* Required action:
The output should match, line for line, the records from the line containing "Appartement à SAINT-MAURICE" through the line containing "A1 Soup Spices Noodles 90g*4s", with every picture left out.

* Exercise inputs:

▽

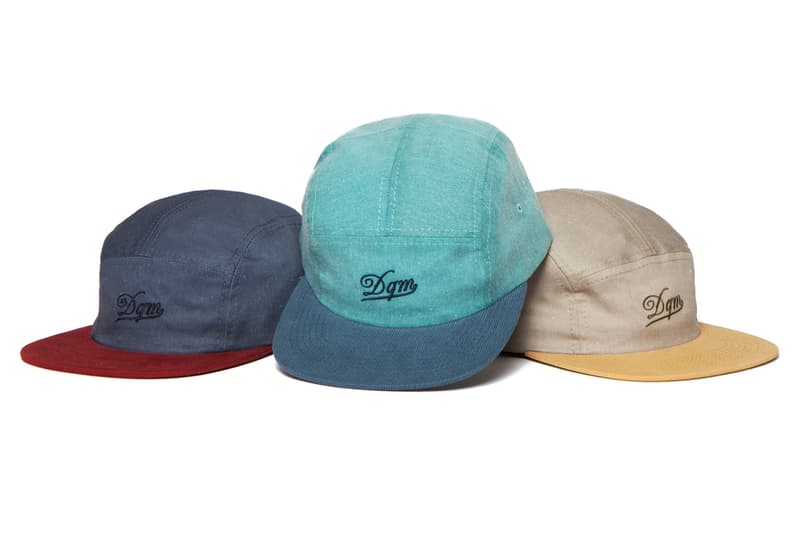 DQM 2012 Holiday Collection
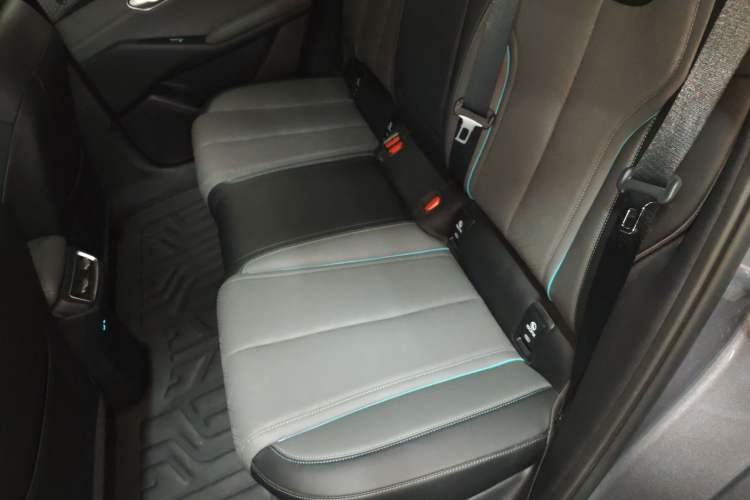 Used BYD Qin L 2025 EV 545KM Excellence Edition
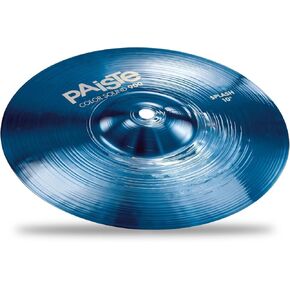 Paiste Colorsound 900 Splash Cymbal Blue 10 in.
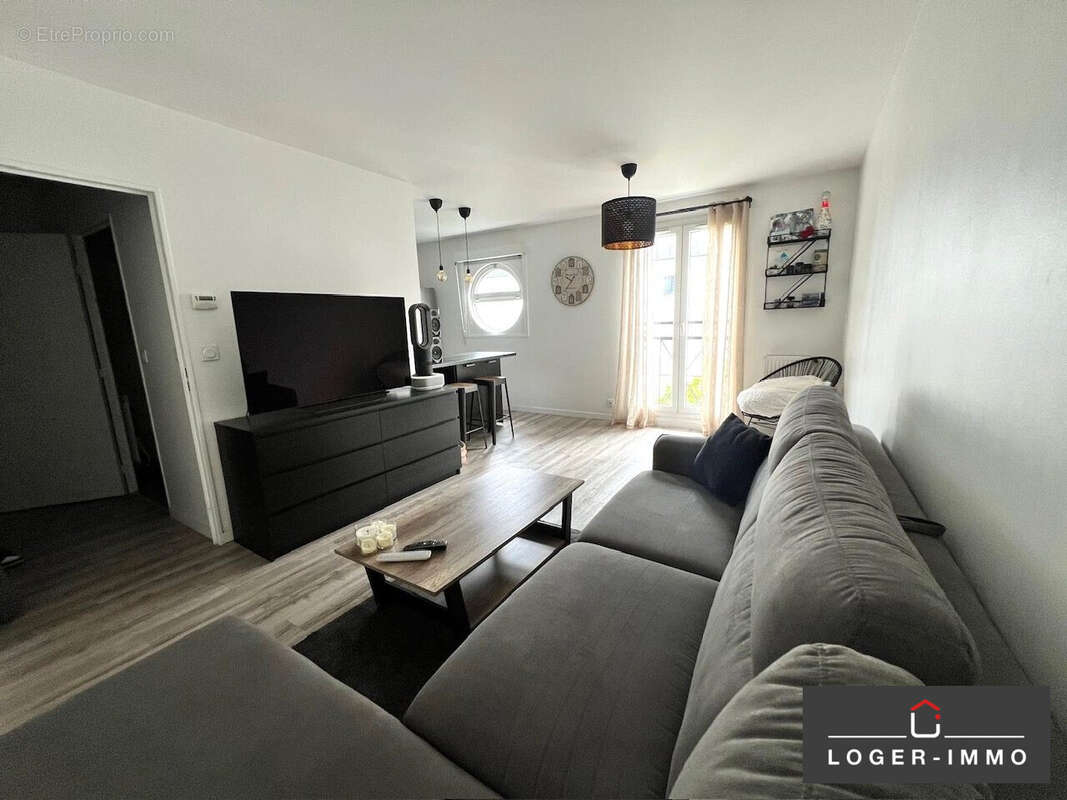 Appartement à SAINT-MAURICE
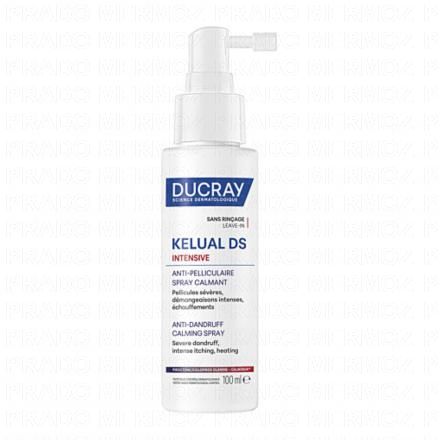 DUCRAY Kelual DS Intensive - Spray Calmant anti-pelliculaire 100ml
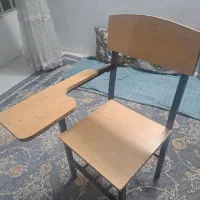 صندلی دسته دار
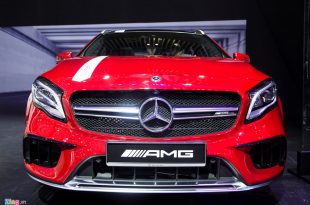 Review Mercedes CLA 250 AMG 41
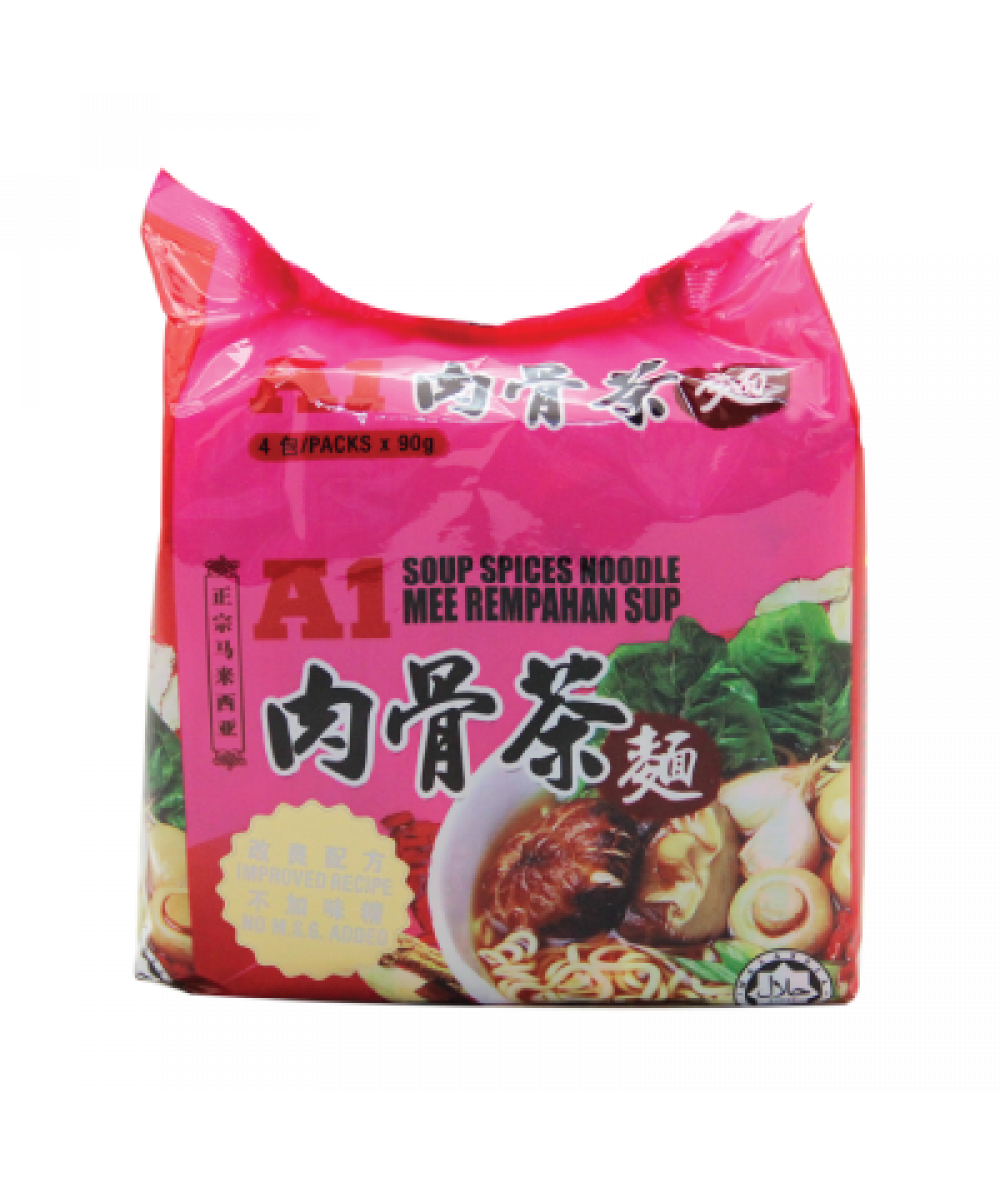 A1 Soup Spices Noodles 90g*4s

△
▽

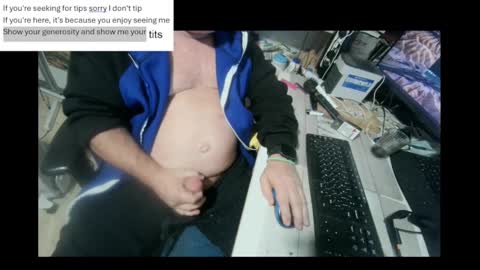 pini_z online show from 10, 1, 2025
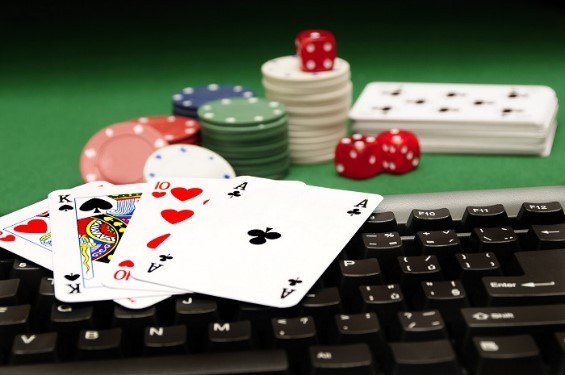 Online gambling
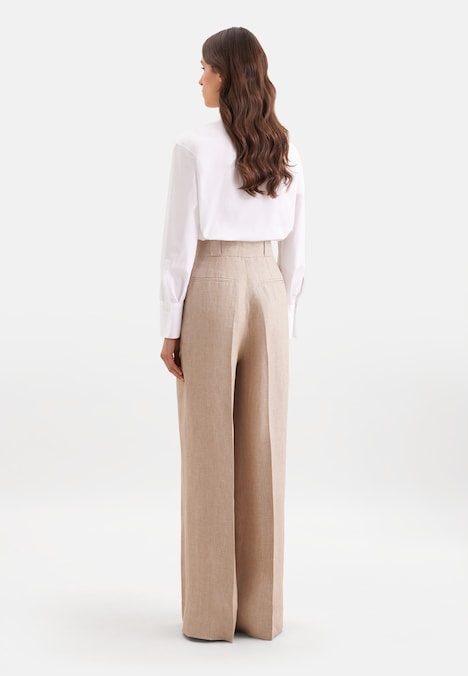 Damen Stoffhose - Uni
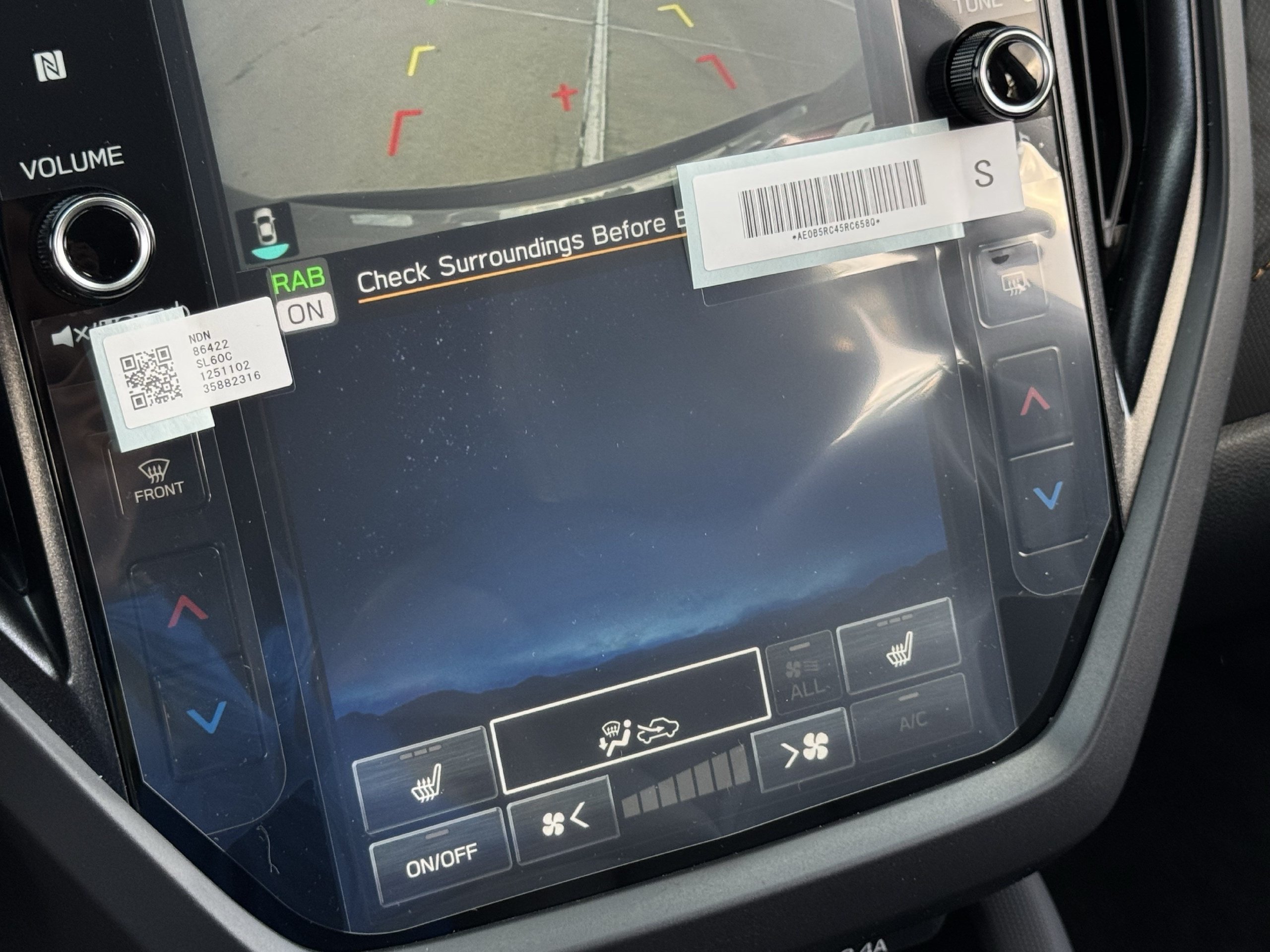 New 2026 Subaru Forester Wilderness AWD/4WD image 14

△

* Answer section:
 Appartement à SAINT-MAURICE
 DUCRAY Kelual DS Intensive - Spray Calmant anti-pelliculaire 100ml
 صندلی دسته دار
 Review Mercedes CLA 250 AMG 41
 A1 Soup Spices Noodles 90g*4s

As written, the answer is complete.